## Directions for this task
The answer should hold only the lines from the one containing "6309 Bay Club" through the one containing "Dockers by Gerli in allblack Dockers" in the entries below, copied exactly, without pictures.

BEGIN Source material

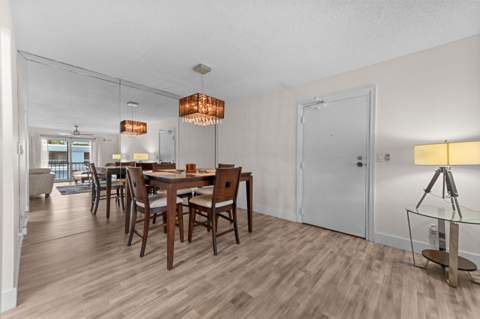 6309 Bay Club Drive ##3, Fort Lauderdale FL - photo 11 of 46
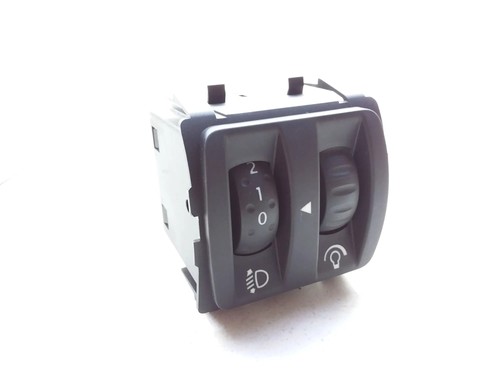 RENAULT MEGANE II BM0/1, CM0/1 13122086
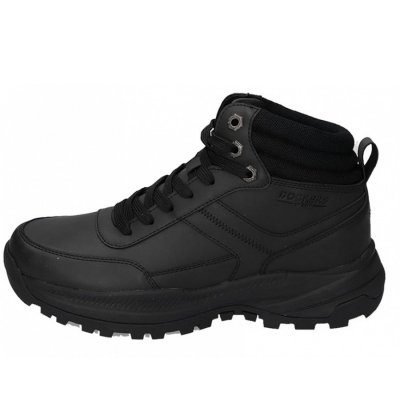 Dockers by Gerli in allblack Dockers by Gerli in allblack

END Source material
BEGIN Source material

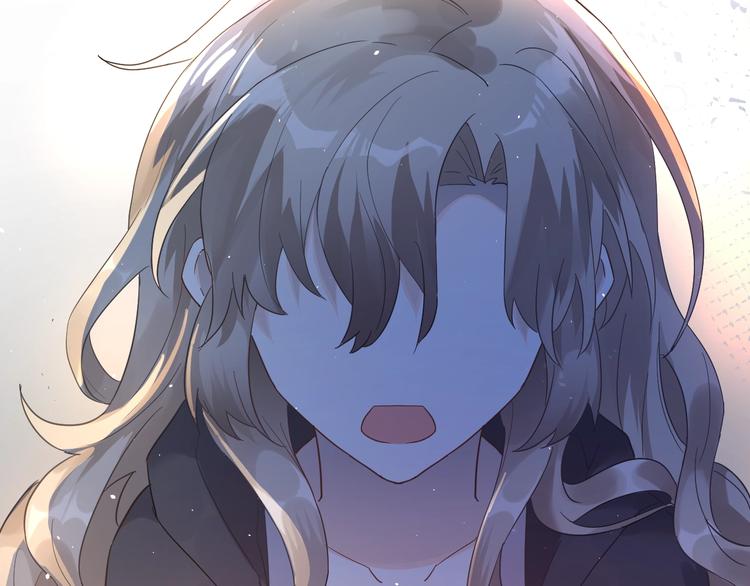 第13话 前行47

END Source material

## Response
 6309 Bay Club Drive ##3, Fort Lauderdale FL - photo 11 of 46
 RENAULT MEGANE II BM0/1, CM0/1 13122086
 Dockers by Gerli in allblack Dockers by Gerli in allblack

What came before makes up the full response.